Machine learning algorithm identifies key BCR regulatory genes

To further identify the key regulatory genes associated with BCR in PCa, we employed the XGBoost algorithm and interpreted the results through SHAP, using BCR as the outcome variable to analyze the correlation between the genes included in the model and the recurrence. We displayed the top 15 genes associated with BCR in the TCGA-PRAD and GSE116918 datasets (Fig. 7A, B). Subsequently, we analyzed the importance of these genes through Friends analysis (Fig. 7C). Among the genes incorporated into our diagnostic and therapeutic model, COMP and INHBA consistently emerged as pivotal regulatory genes. Based on the results obtained from the combination of the XGBoost algorithm and Friends analysis, we found that the importance of COMP and its correlation with BCR were both higher than those of INHBA. Therefore, we selected COMP as the key gene for subsequent analysis. We divided the samples in the TCGA-PRAD dataset into two groups based on the median expression level of COMP: samples with expression levels above the median were designated as the COMP high-expression group, while those with expression levels below the median were designated as the COMP low-expression group.
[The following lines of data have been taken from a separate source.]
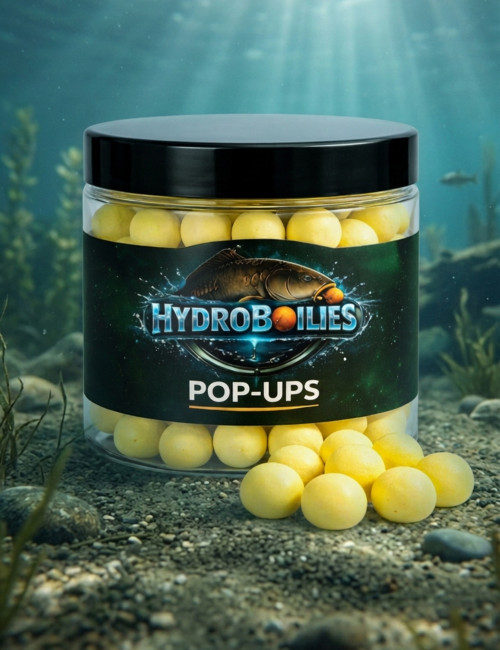 Pop-Up – Jaune pâle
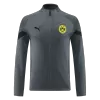 Borussia Dortmund Jacket Tracksuit 2022/23 Gray - jerseymallpro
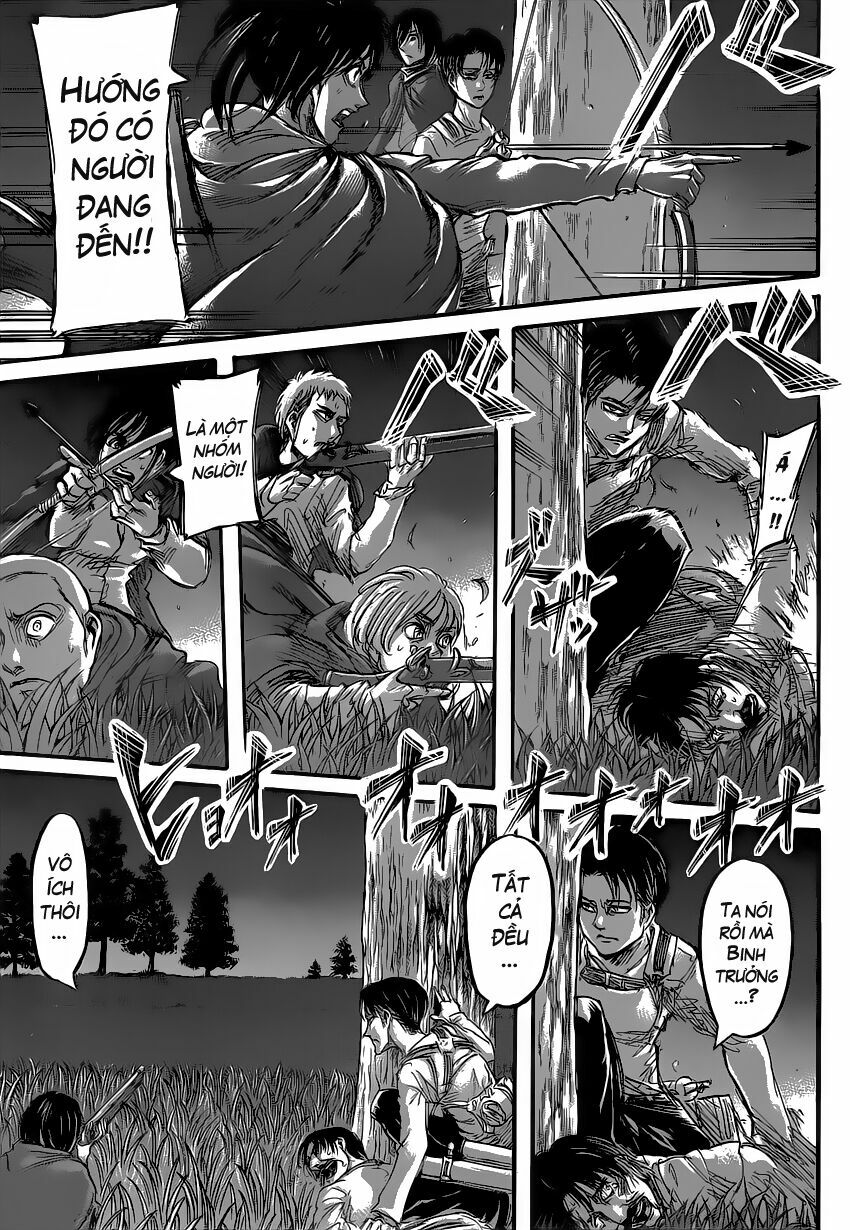 Đại Chiến Người Khổng Lồ: Chapter 60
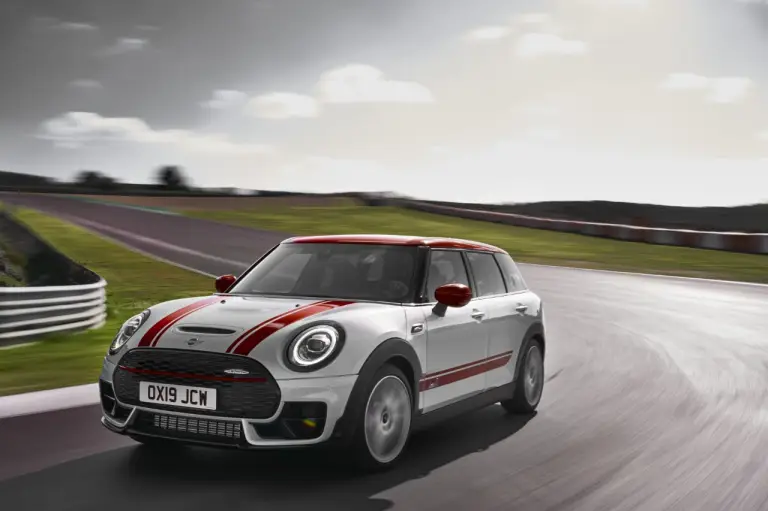 Mini JCW Clubman e Countryman 2019 - Foto ufficiali - 14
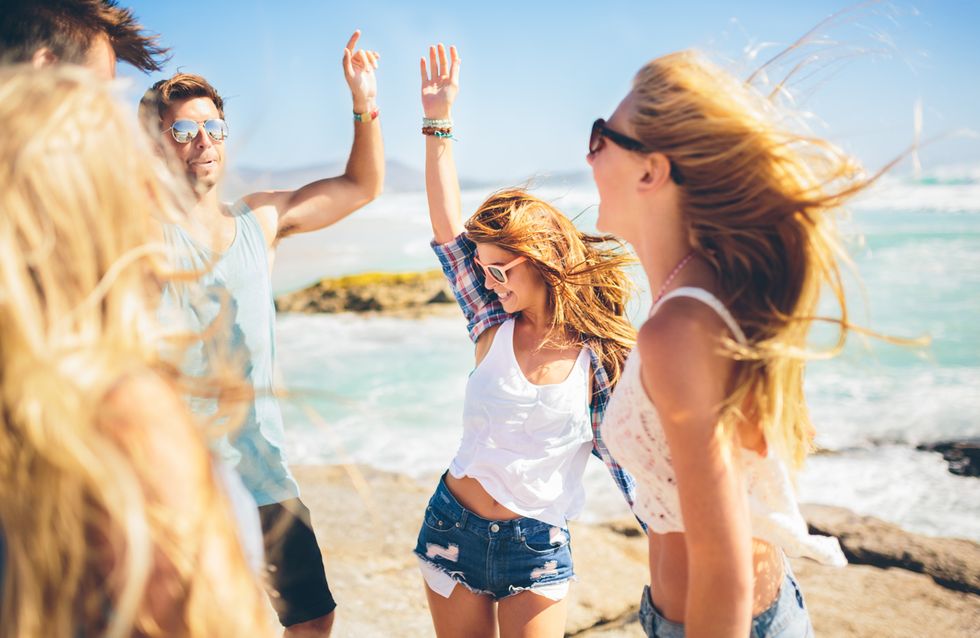 Die besten Sommerhits: DIESE Lieder machen sofort gute Laune!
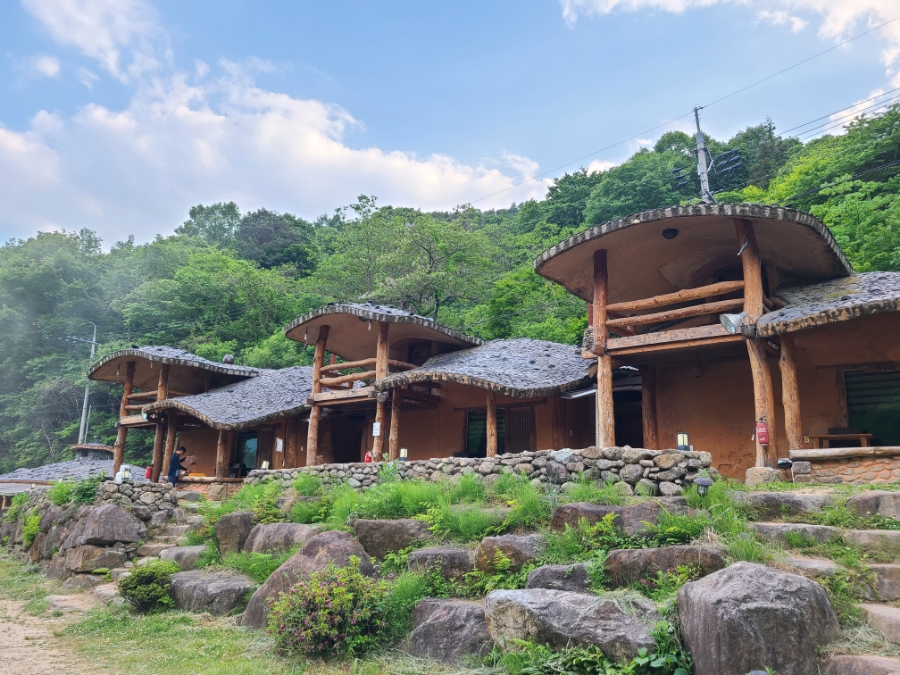 산골산내음 이미지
Our findings confirm a significant relationship between COMP expression and the level of immune cell infiltration (Fig. 7D, E). To further investigate the binding affinity of COMP with commonly used clinical drugs for PCa, we conducted molecular docking analysis. The three selected PRAD-related drugs demonstrated strong binding capabilities with COMP (Fig. 7F). We also performed gene enrichment analysis on COMP, revealing its significant association with immunotherapy pathways in tumors (Fig. 7G, H). The results of the TIDE algorithm indicated that patients with high COMP expression had poorer responses to immunotherapy (Fig. 7I).

Fig. 7: COMP is identified as a key regulatory gene for BCR.
Fig. 7: COMP is identified as a key regulatory gene for BCR.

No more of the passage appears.